- **Work to complete**: Leave the images out, and copy each of the records below exactly.

------

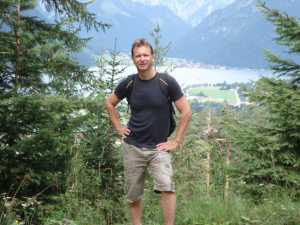 Profilbild von Steffen Reppe
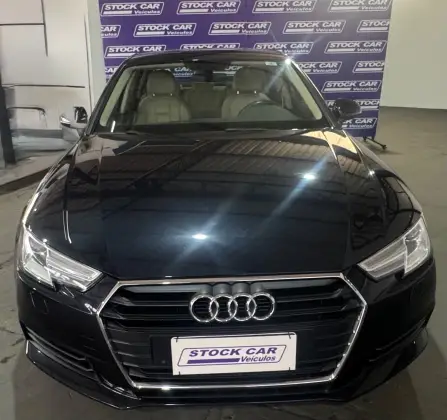 AUDI A4 2.0 TFSI ATTRACTION GASOLINA 4P S TRONIC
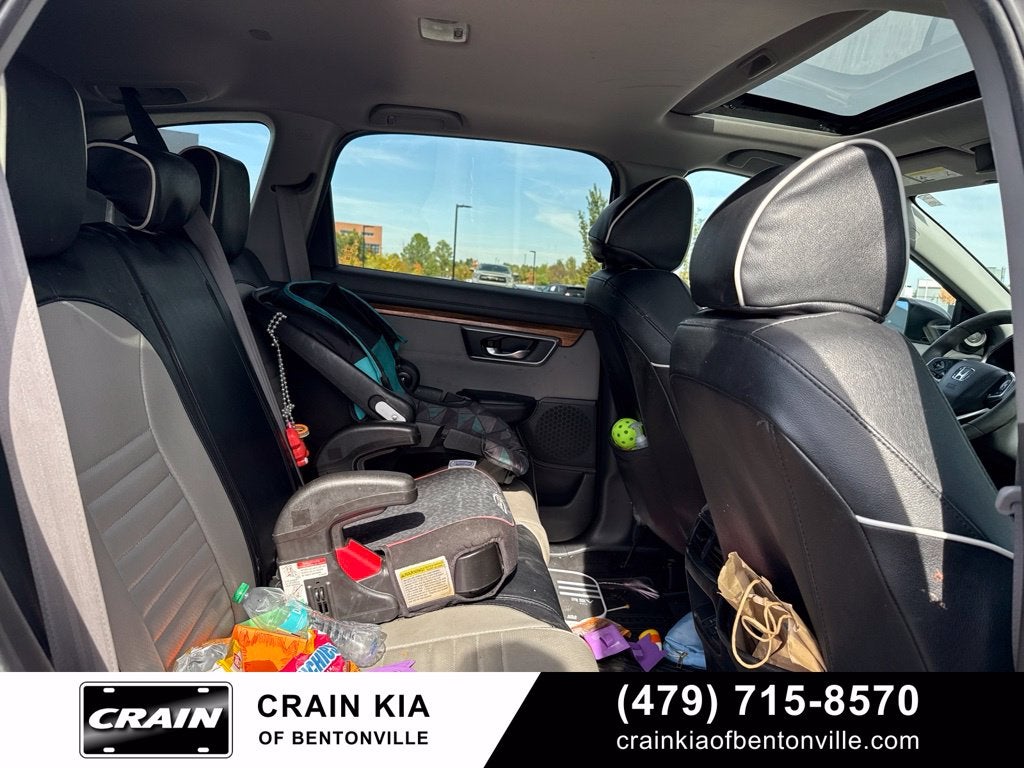 2017 Honda CR-V EX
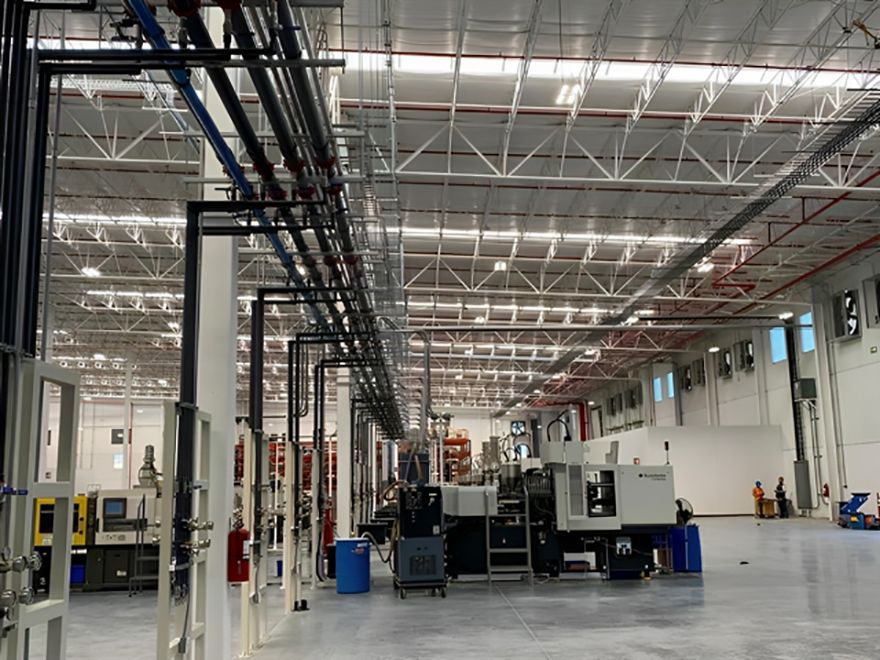 Essentra opens new facility in Monterrey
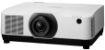 Obrázek SHARP/NEC projektor PA1004UL, 1920x1200, 10000ANSI, 3.000.000:1, DP / HDMI / RS232 / LAN / USB, Bílý + NP41ZL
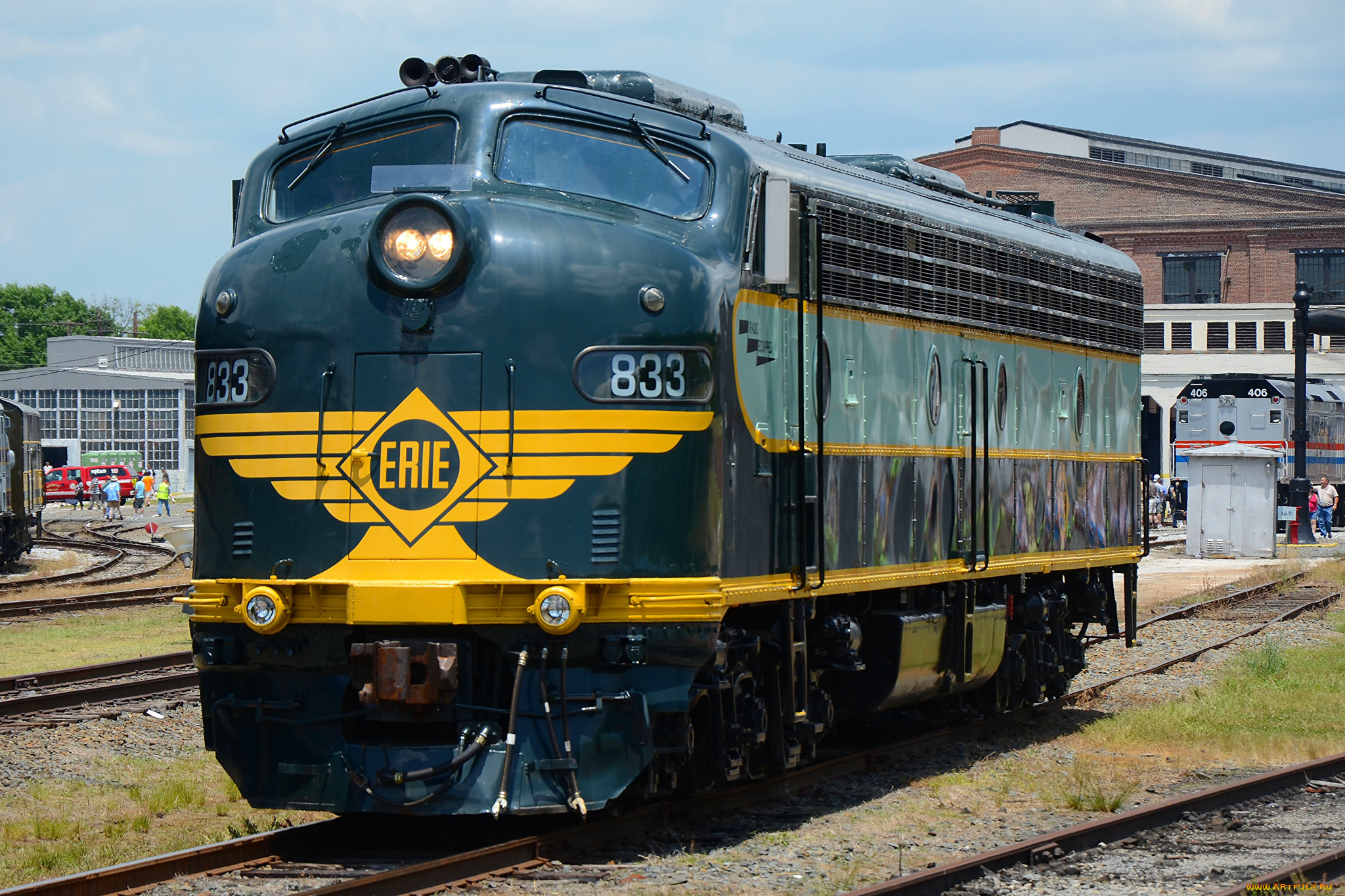 техника, локомотивы, дорога, железная, локомотив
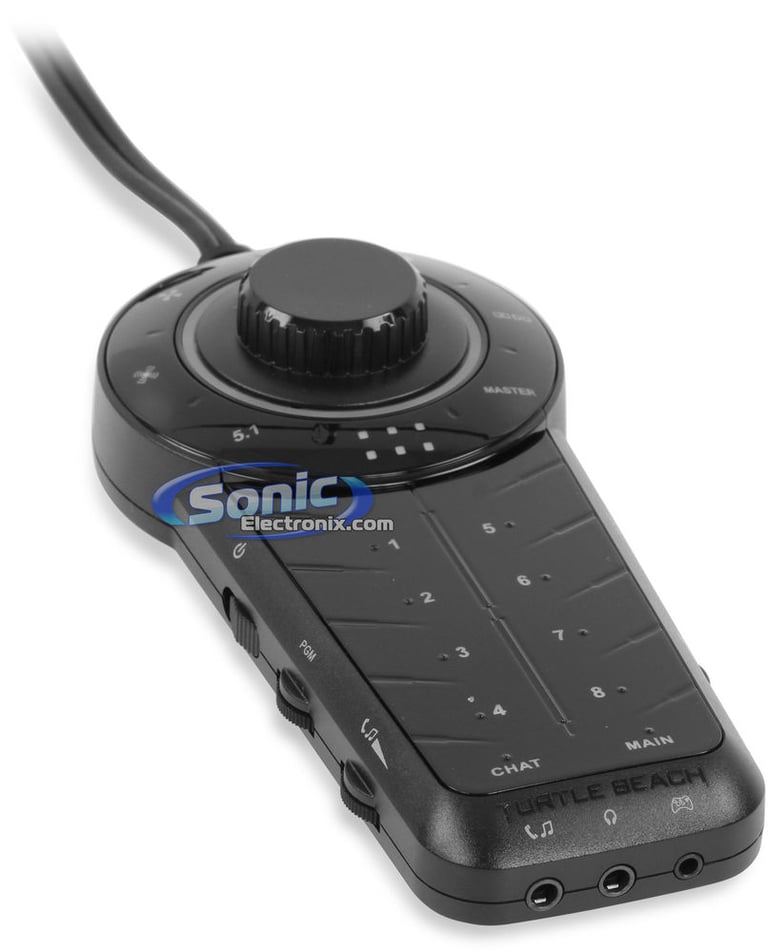 Turtle Beach Ear Force ZSEVEN Image 8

------

- **Answer for this exercise**:
 Profilbild von Steffen Reppe
 AUDI A4 2.0 TFSI ATTRACTION GASOLINA 4P S TRONIC
 2017 Honda CR-V EX
 Essentra opens new facility in Monterrey
 Obrázek SHARP/NEC projektor PA1004UL, 1920x1200, 10000ANSI, 3.000.000:1, DP / HDMI / RS232 / LAN / USB, Bílý + NP41ZL
 техника, локомотивы, дорога, железная, локомотив
 Turtle Beach Ear Force ZSEVEN Image 8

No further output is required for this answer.